Les agents communautaires ont du chemin à parcourir pour accroitre le taux d’adhésion aux méthodes contraceptives visant une limitation des naissances dans la province de Kayanza. A moins de 20% du taux d’adhésion, les autoritaires provinciales déplore que les enseignements de certaines églises comme frein à l’utilisation de ces méthodes.

Les sensibilisations pour l’utilisation des méthodes modernes de limitation des naissances restent tantôt faciles, tantôt difficiles selon Ndoricimpa Denise, animatrice communautaire de la colline Gihororo en commune Gatara. “Le travail de l’animateur communautaire est de passer sur sa colline en parlant de la santé reproductive surtout pour les femmes enceintes et allaitantes. Il s’agit d’un travail à la fois facile et difficile. souvent , on enregistre une certaine réticence pour certaines femmes. On ne se lasse jamais mais si elles n’acceptent pas nos conseils, on les laisse”, explique Ndoricimpa.

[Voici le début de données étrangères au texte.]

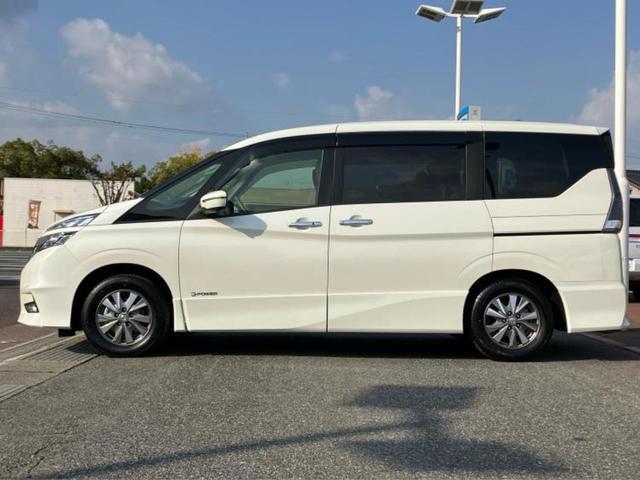 セレナ ｅパワーハイウェイスターＶ　保証書／社外　ＳＤナビ／インテリジェントルームミラー／エマージェンシーブレーキ／両側電動スライドドア／シートヒーター　前席／アラウンドビューモニター／車線逸脱防止支援システム／プロパイロット（2枚目）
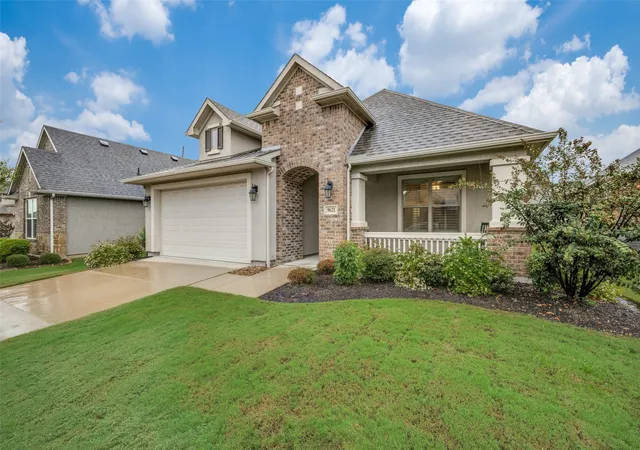 Photo 1 of Single family home for sale at 9621 Creekwood Dr, Denton, TX 76207 | MLS# 21401915 | Listing updated on 2026-10-03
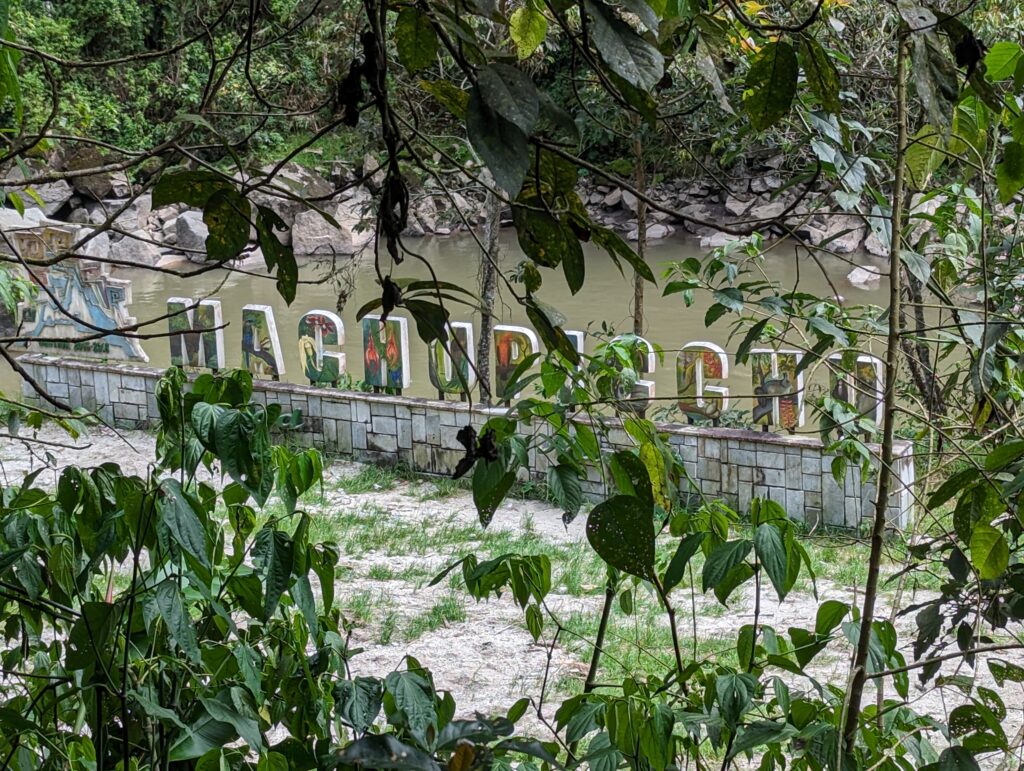 Aguas Calientes city limits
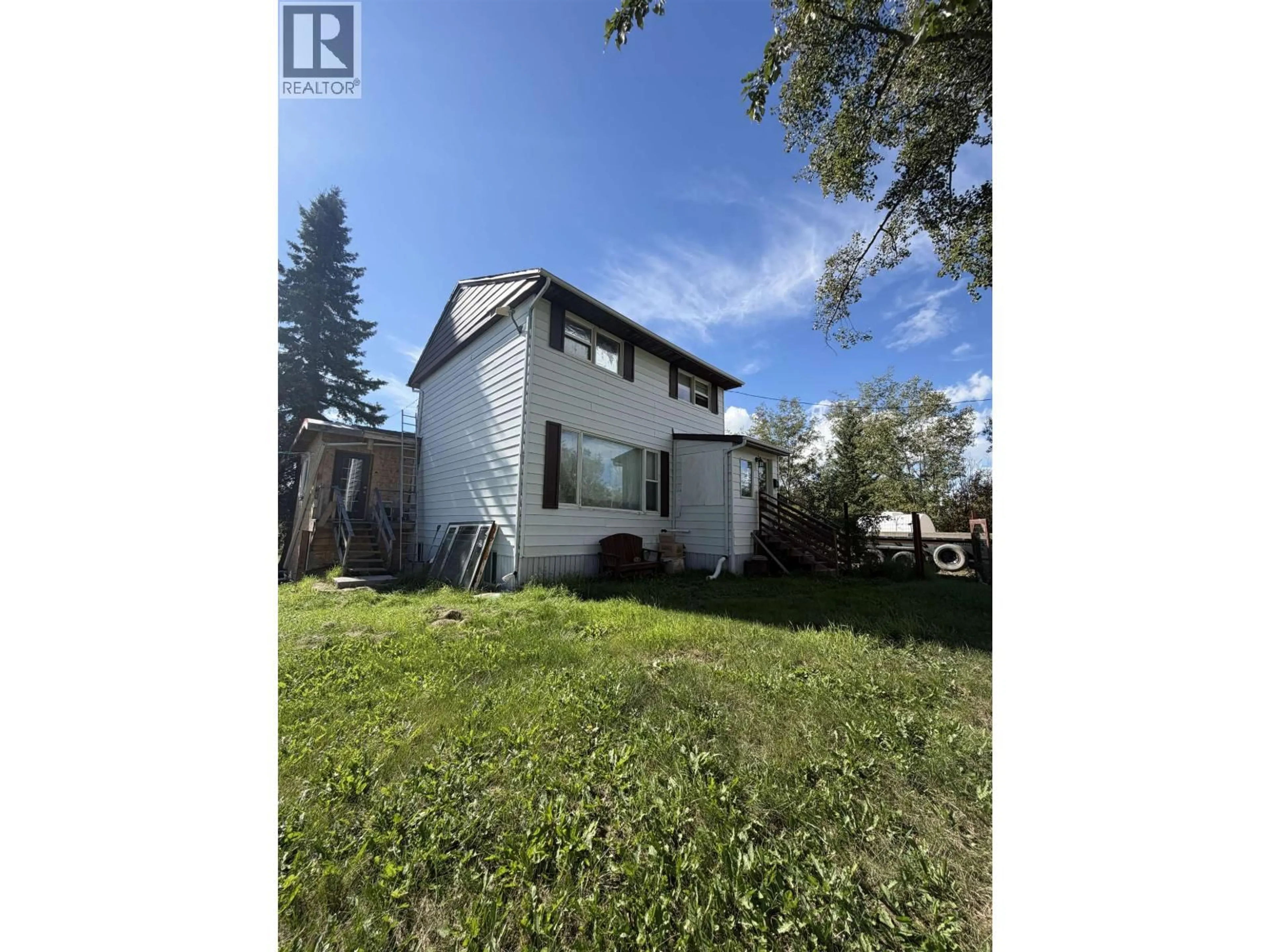 A pic from outside/outdoor area/front of a property/back of a property/a pic from drone, street for 7511 255 ROAD, Fort St. John British Columbia V0C1C0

Le couple de Ndayizigiye Dismas et Bucumi Consolante de la colline Murago dans la commune de Gatara, avec une progéniture de quatre enfants déjà compte s’arrêter là. Trouvés au centre de santé de Gakenke, le père de la famille à côté de sa femme explique que ce n’est pas par force qu’il l’a accompagnée à l’hôpital. Plusieurs facteurs justifie selon Dismas, l’importance de limiter les naissances. ”Il n’ ya pas d’obligation vue qu’à cette époque, les prix des denrées alimentaires ont grimpé alors que les espaces arables sont limités. Nous n’avons plus de récoltes suffisantes et nous ne pouvons pas avoir quoi mettre sous la dent si nous avons été au marché suite aux changements climatiques. C’est pourquoi je préfère ne pas avoir beaucoup d’enfants sous peine de manquer quoi les nourrir”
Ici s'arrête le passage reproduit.